A tool for multiple purposes features one ore more dogs that can engage a collar groove or restriction sub in the wellbore. The dogs are extendable through a sleeve biased in opposed directions and are supported from a mandrel. The dogs can retract into mandrel grooves to clear restrictions on the trip into the well. On the way up to a collar that has just been passed, the dogs engage and an upward pull on the mandrel displaces fluid through a restriction to allow enough time to get a meaningful surface signal of the overpull force. Thereafter, the applied force can be reduced as the dogs release at a lower applied force to reduce the slingshot effect. The tool can be inverted and used to keep a constant force on a bottom hole assembly during offshore drilling where a heave compensator is employed.

Description

FIELD OF THE INVENTION
The field of this invention is devices that can be used downhole to locate collars and/or other features in the wellbore and give a surface signal of such location or in a reverse orientation can be used to apply a predetermined load on a bottom hole assembly (BHA).
BACKGROUND OF THE INVENTION
Frequently the specific depth of collars and/or other features in the wellbore in a casing string needs to be located with an indication at the surface that the collar has been properly located. In the past this function has been approached with a tool delivered on a string that has one or more collets. The collets and the mandrel that backs them up are configured to allow the collets to remain in an unsupported position for downhole tripping. After the desired collar is reached the tool with the collets is further advanced downhole beyond a locating groove in the collar that is of interest. The tool is then picked back up to engage the collar. Doing this traps the collet in the groove and an overpull is applied. The resistance to the overpull is sensed at the surface. The collet is designed to release after a predetermined level of pulling force is reached.
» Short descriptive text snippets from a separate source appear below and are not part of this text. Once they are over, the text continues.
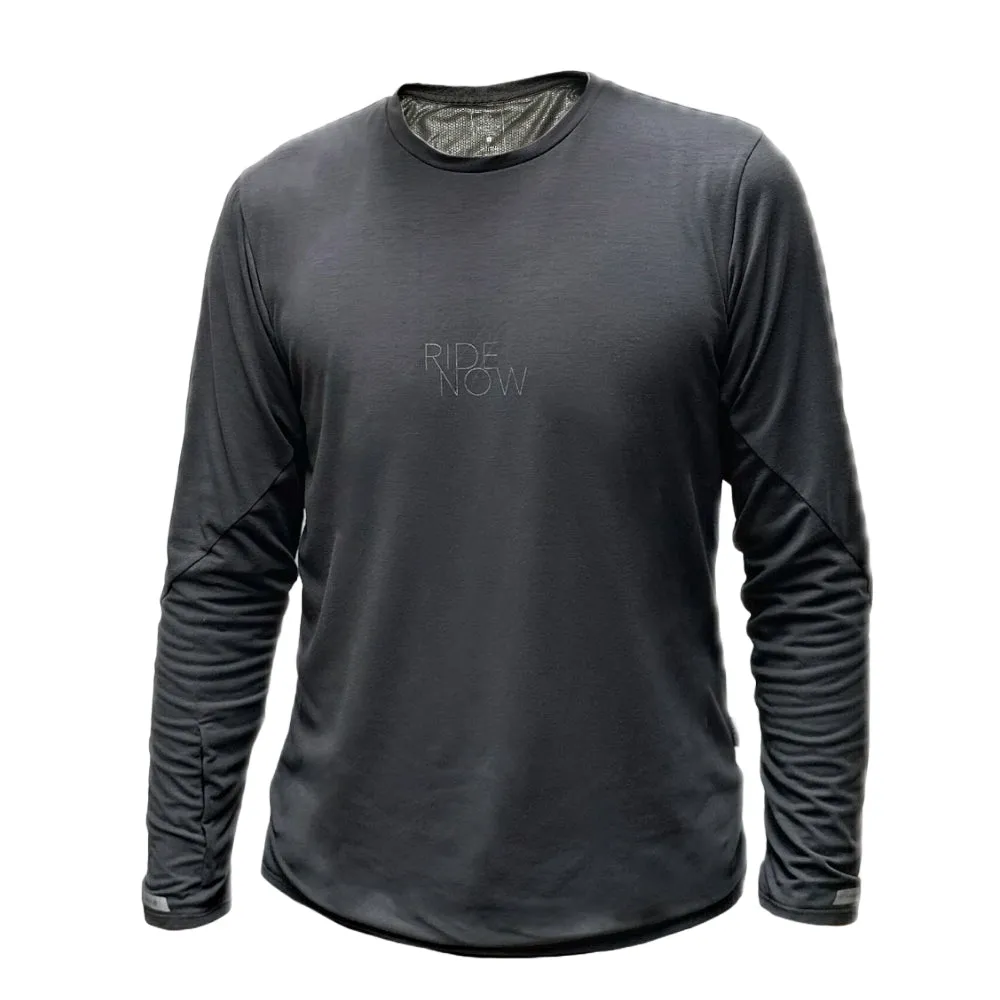Base Tencel 天絲棉發熱衣 - 溫暖透氣兼具，機能蓄熱圓領長袖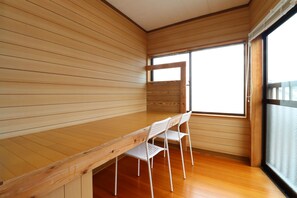 Family Apartment, Balcony | Free WiFi, bed sheets - hitahostel (Hita)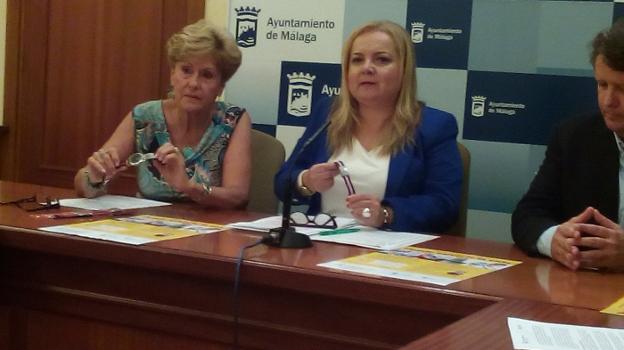 María Victoria Martín y Francisca Bazalo muestran las pulseras. :: sur/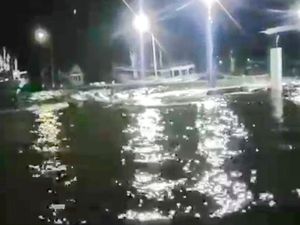 Banjir Rob Landa Pantura Situbondo-Angin Kencang Ngamuk di Sumenep Banjir Rob Landa Pantura Situbondo-Angin Kencang Ngamuk di Sumenep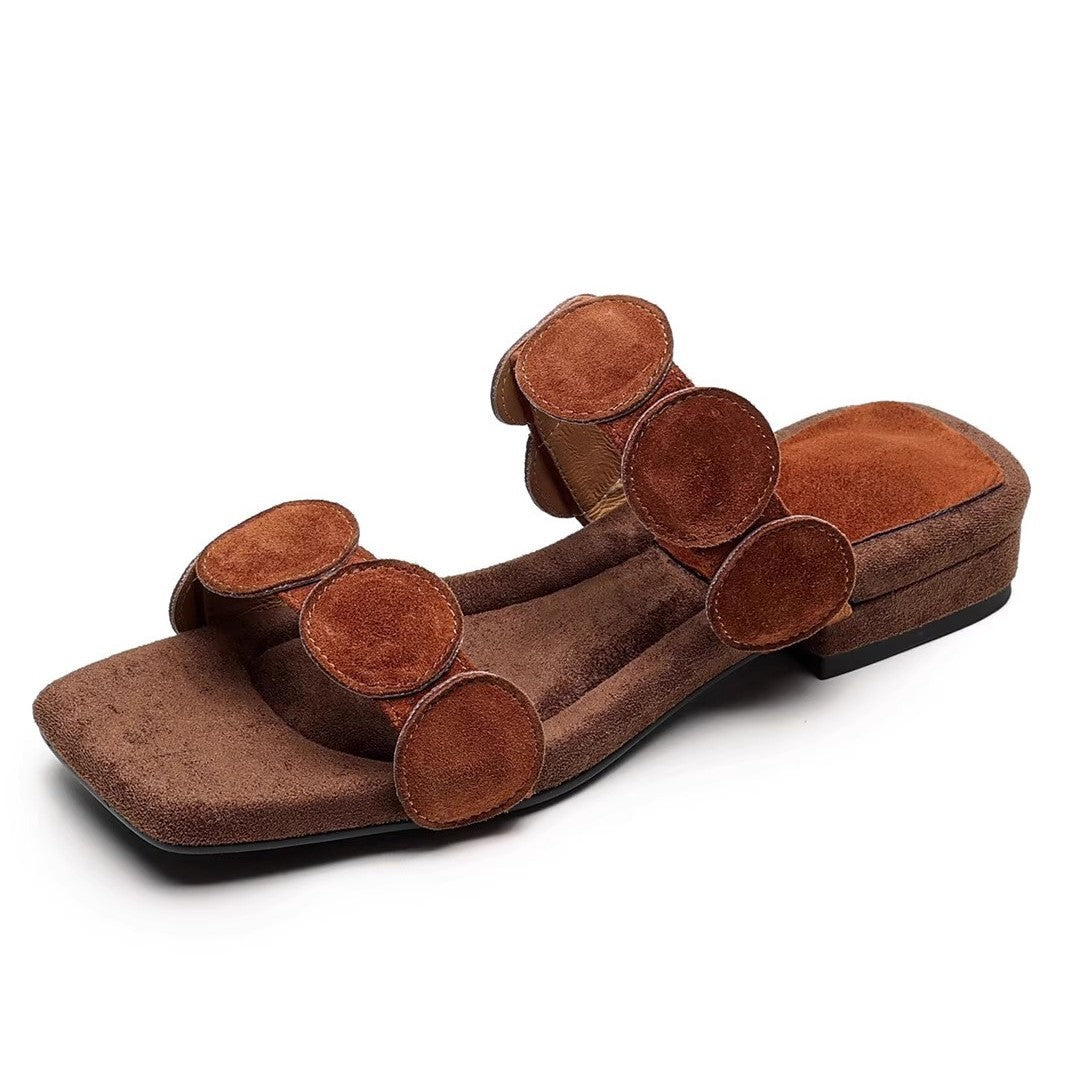 Flache Zehensteg-Sandalen aus Schafsleder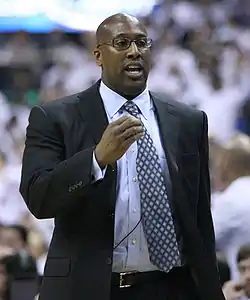 Mike Brown entraîneur des Cavaliers de Cleveland entre 2005 et 2010 est remplacé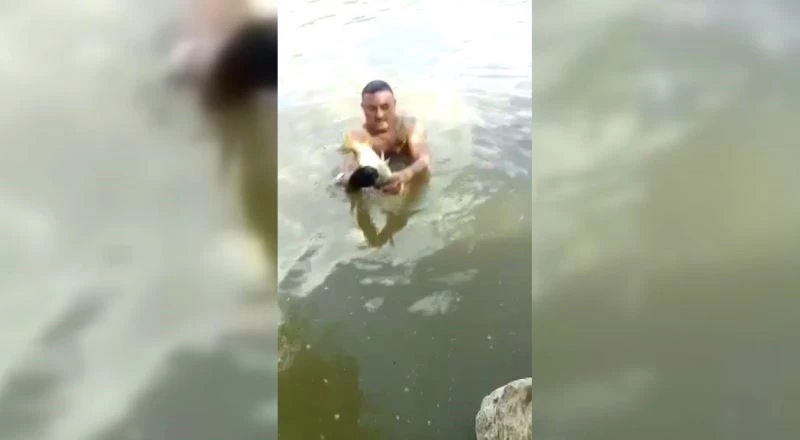 Çıplak elle balık tutan adamın yeteneği şaşırttı
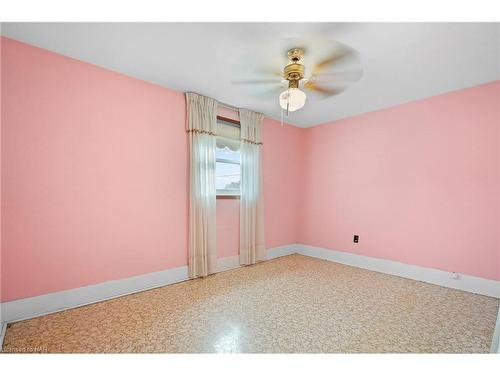 9 King Street, Thorold, ON - Indoor Photo Showing Other Room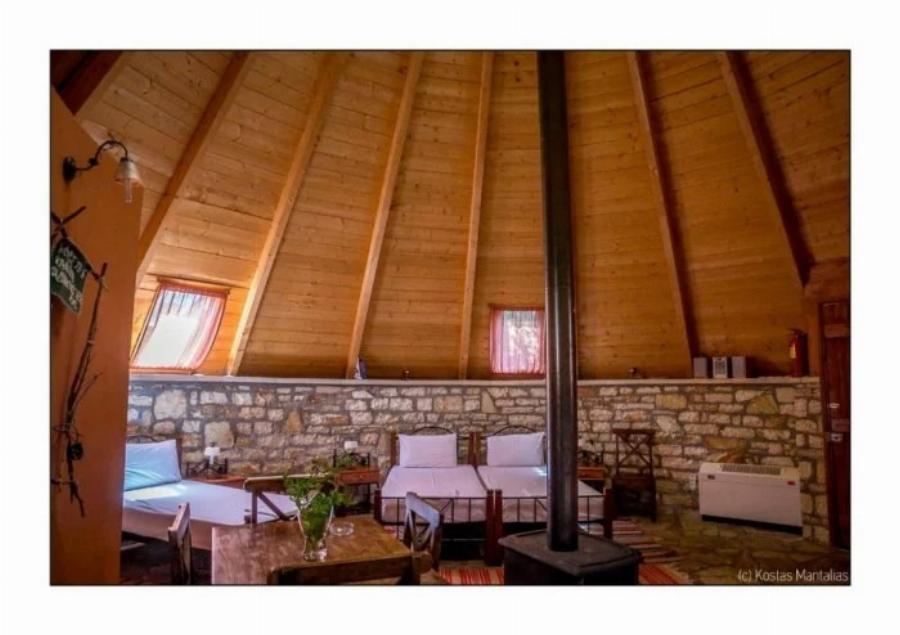 Τα παράτησε όλα και έφτιαξε σπίτια-ιγκλού: Έλληνας δημιούργησε πέτρινα ιγκλού στα Τζουμέρκα και οι τουρίστες έχουν μαγευτεί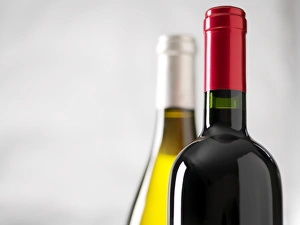 White Wine Bottles Drucke: Bottles of wine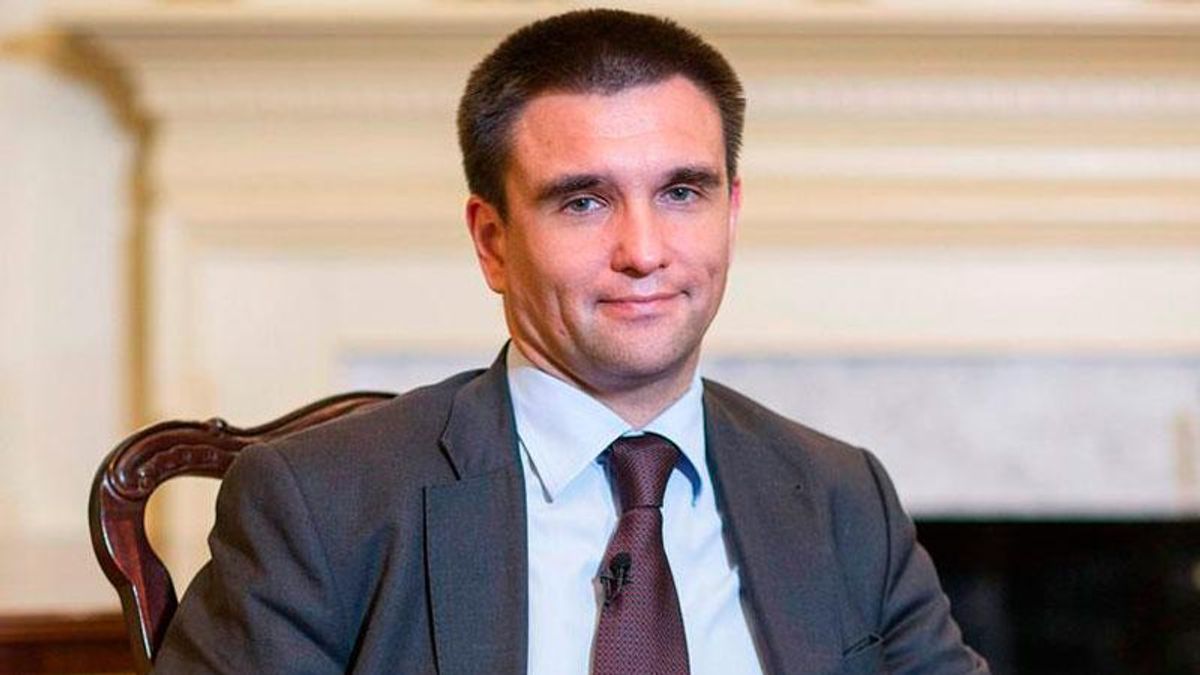 Россия требует от Украины ввести санкции против ЕС Россия требует от Украины ввести санкции против ЕС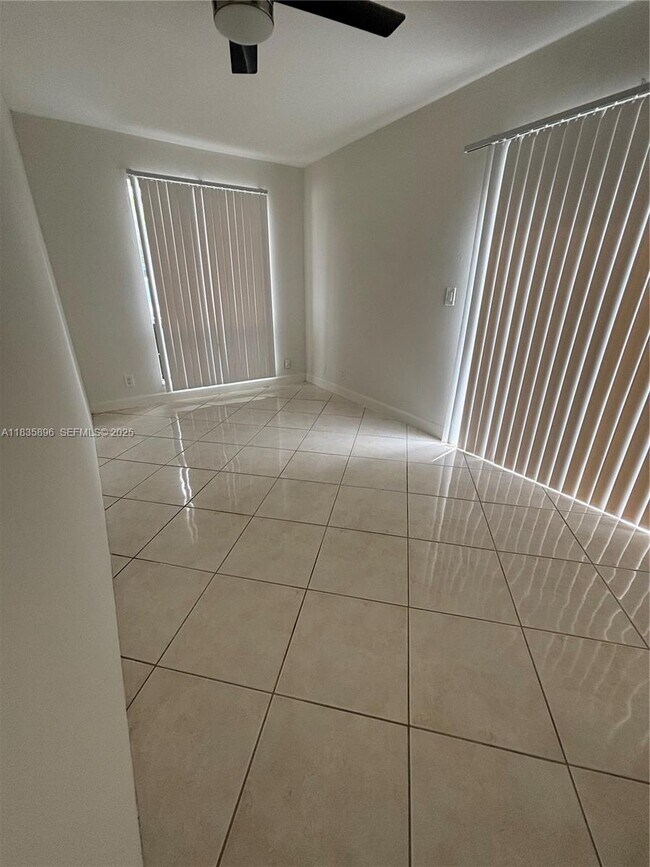 Foto del edificio - 4156 SW 24th St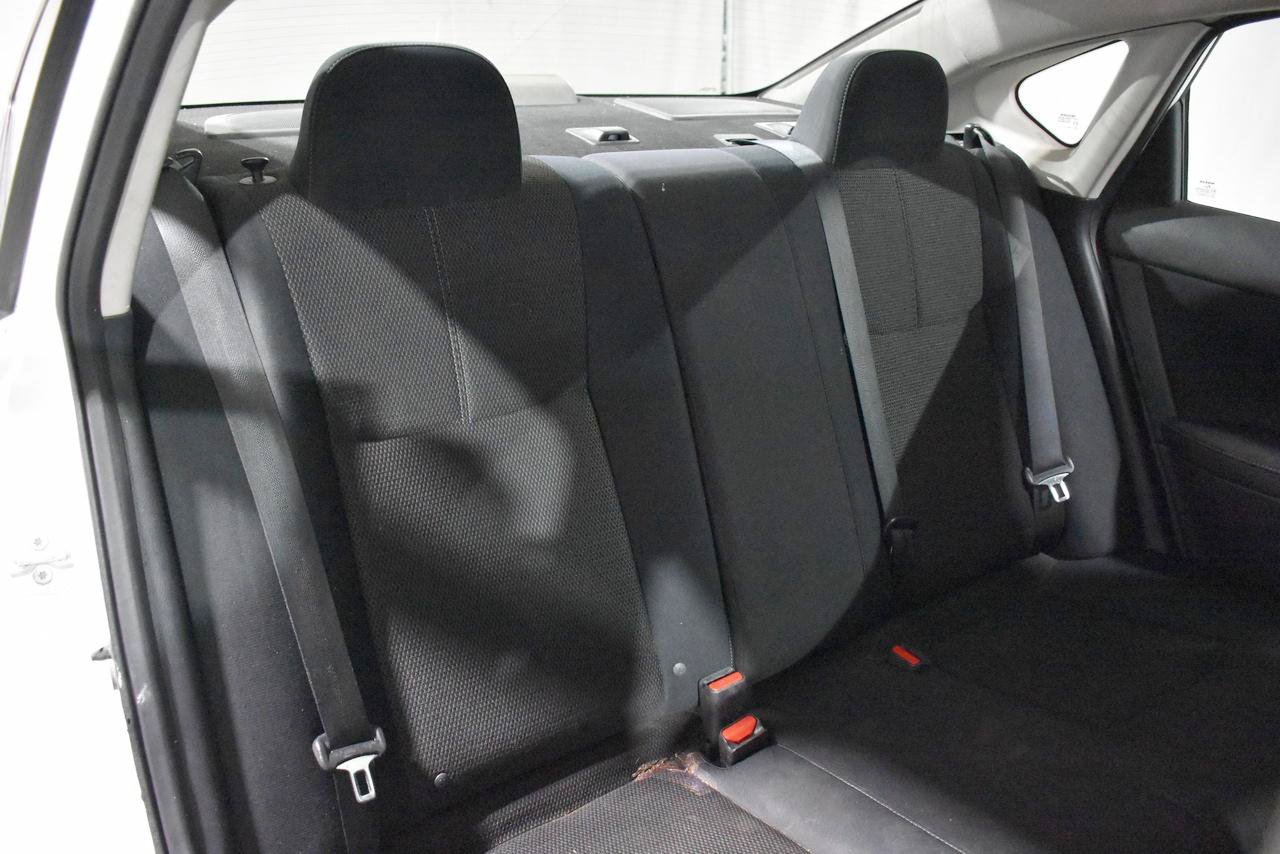 Used 2017 Nissan Sentra S FWD image 39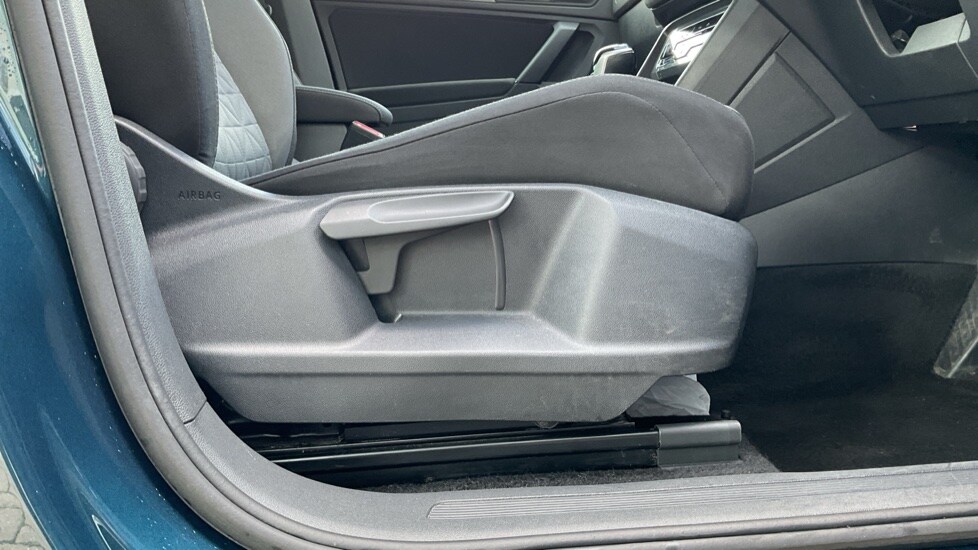 Used Volkswagen Tiguan 2022 for sale - 76691419: Photo 39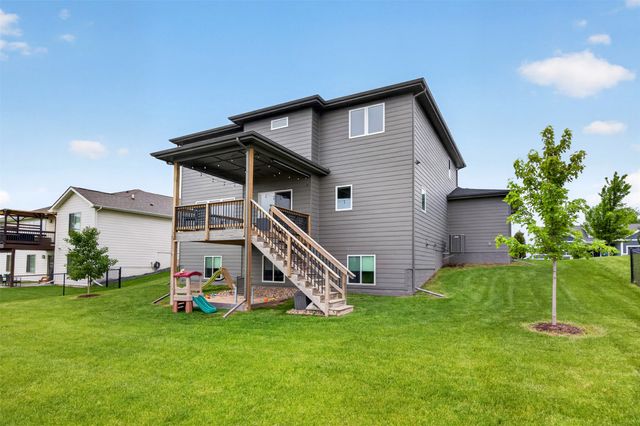 855 Sandstone Point, Waukee, IA 50263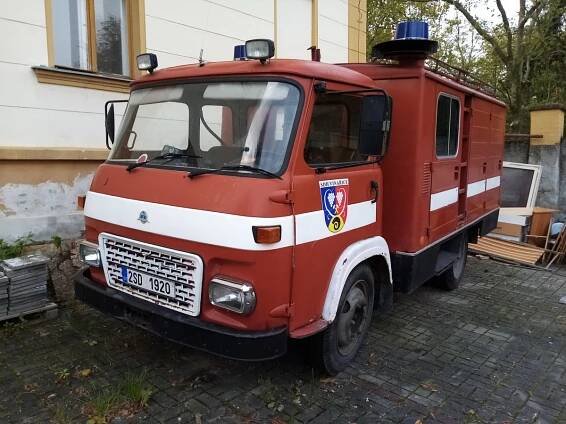 Obec Vinařice nabízí k prodeji požární vozidlo, hasičský...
There are several issues with this design. In deep wells with a significant amount of deviation there is a substantial risk of drag of the work string in the surrounding tubular so that the overpull applied could be the force required to dislodge the work string as opposed to a pull on the collets that may not even have landed in the locator groove of the collar in question. This drag effect induced by depth and well deviation is commonly referred to as a “slip/stick effect”. There may be no ascertainable signal at the surface if the slip/stick effect is present. Another problem is the limit of stress that can be applied to the collet heads that are in the locating groove. While the collet structure can be made thicker the problem there is that the material may be limited in the level of stress that can be endured on the trapped collet heads. Another issue is limited space and tool diameter restriction required to actually deliver the tool to the collar in interest. Thus making the parts thicker may not be sufficiently helpful to increase the overall rating toward the desired pulling force required or there may not be the room required to go this route. Another issue with the collet based systems is that upon release there is a slingshot effect as the stored potential energy in the applied pulling force on the work string is suddenly released as the collets become unsupported when a predetermined pulling force is reached.
Accordingly what is needed and is addressed by the present invention is a tool that can handle greater applied forces than the collet based designs and on that can eliminate the slingshot effect. Other desirable features can be a built in delay that allows higher loads to be applied for a defined time period to be sure that the collar is properly located and that the slip/stick forces have been overcome. A rapid re-cocking of the tool after a release for repeated testing is also a feature. The tool can be inverted and properly regulated so as to apply a predetermined downward force on a bottom hole assembly working in conjunction with a heave compensator for offshore drilling applications. These and other features of the present invention will become more apparent to those skilled in the art from a review of the description of the preferred embodiment, the drawings and the claims that determine the scope of the invention, all of which appear below.
SUMMARY OF THE INVENTION
A tool for multiple purposes features one ore more dogs that can engage a collar groove or restriction sub in the wellbore. The dogs are extendable through a sleeve biased in opposed directions and are supported from a mandrel. The dogs can retract into mandrel grooves to clear restrictions on the trip into the well. On the way up to a collar that has just been passed, the dogs engage and an upward pull on the mandrel displaces fluid through a restriction to allow enough time to get a meaningful surface signal of the overpull force. Thereafter, the applied force can be reduced as the dogs release at a lower applied force to reduce the slingshot effect. The tool can be inverted and used to keep a constant force on a bottom hole assembly during offshore drilling where a heave compensator is employed.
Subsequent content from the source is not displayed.